Monte-Carlo, thursday: Neuville fires early warning to rivals
Belgian heads Ogier after opening leg
A sensational time through Thursday night’s second speed test rocketed Thierry Neuville into the lead of Rallye Monte-Carlo after the opening loop of stages in the French Alps.
The Hyundai i20 driver headed Sébastien Ogier’s Toyota Yaris by 19.1sec when the cars returned to service in Gap after the brace of night time alpine tests.
Seven-time Monte winner Ogier led after the opener, but not even the Frenchman could contain his rival’s speed through the 25.49km Bayons - Bréziers stage which followed.
Since the recce, all eyes had been on that second stage, with reports of plenty of ice remaining from last weekend’s snowfall.
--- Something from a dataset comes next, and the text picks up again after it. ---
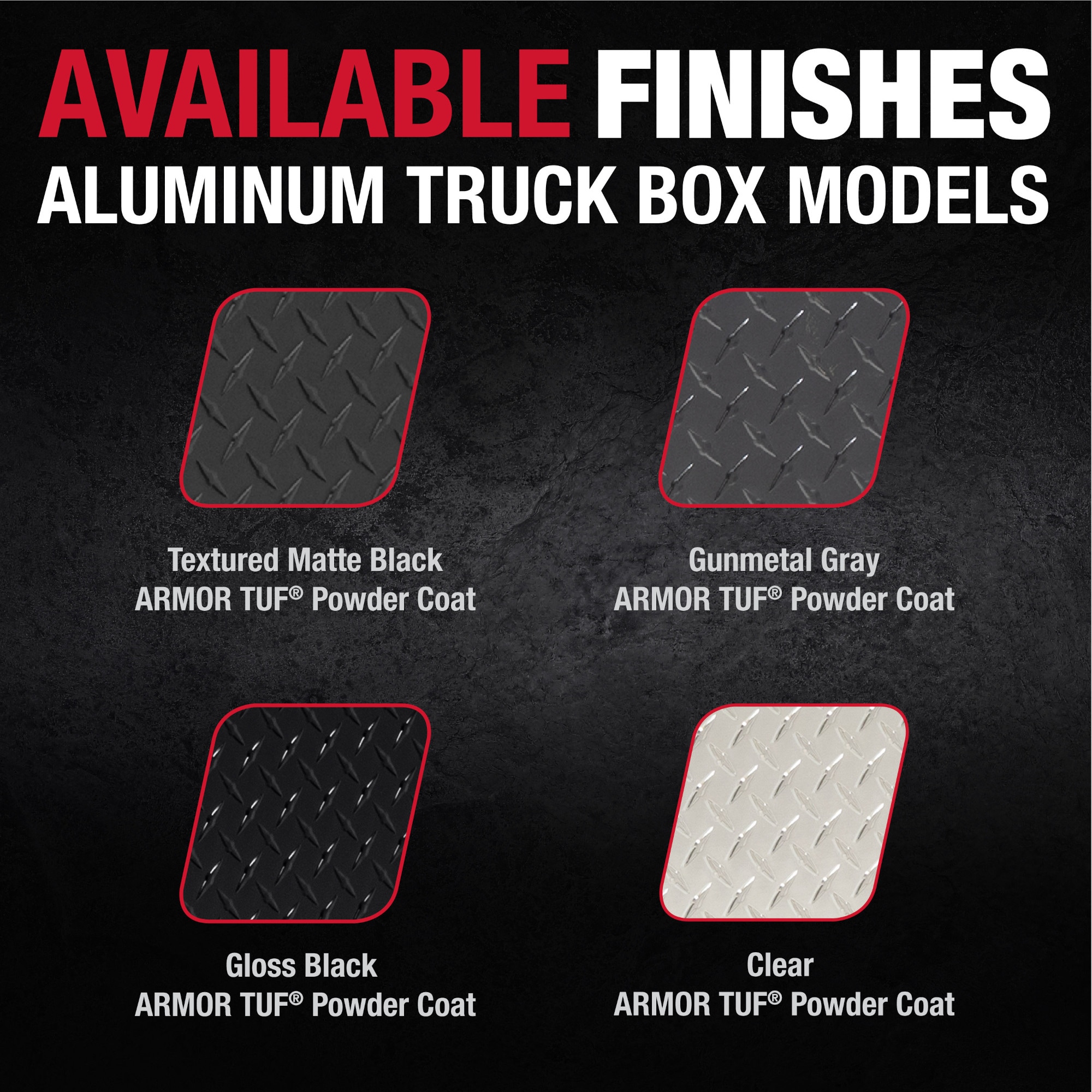 Caja de herramientas para camioneta montada en el costado de aluminio negro brillante de 56 pulgadas x 17 pulgadas x 13 pulgadas Weather Guard 174-5-04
Universally, the drivers talked of the risk and reward of a big attack and it was the Belgian who was bravest.
He was rewarded with an astonishing time that was 25.5sec faster than anybody else. Neuville was calm and collected at the finish, saying: “They were tricky conditions. I was trying to read the road as well as I could and not take risks. I think we have done a good time.”
Like Ogier and his world champion team-mate Ott Tänak, Neuville opted for a mixture of soft and super soft Michelin tyres, shunning the studded option. Leading after the opening stage, a test Ogier described as ‘one of the easiest of the weekend’ courtesy of bone dry conditions, was the perfect start to his season as a Toyota driver.
Tänak was wide-eyed at the end of SS2, admitting: “I’m happy to be alive! That was more of a challenge than I expected.”
The Estonian is just three-tenths of a second ahead of Toyota Yaris newcomer Elfyn Evans. The Welshman was the fastest of the drivers to take a studded option in the second stage. “The tyres helped us in some places,” he said, “but they hampered us a lot as well.”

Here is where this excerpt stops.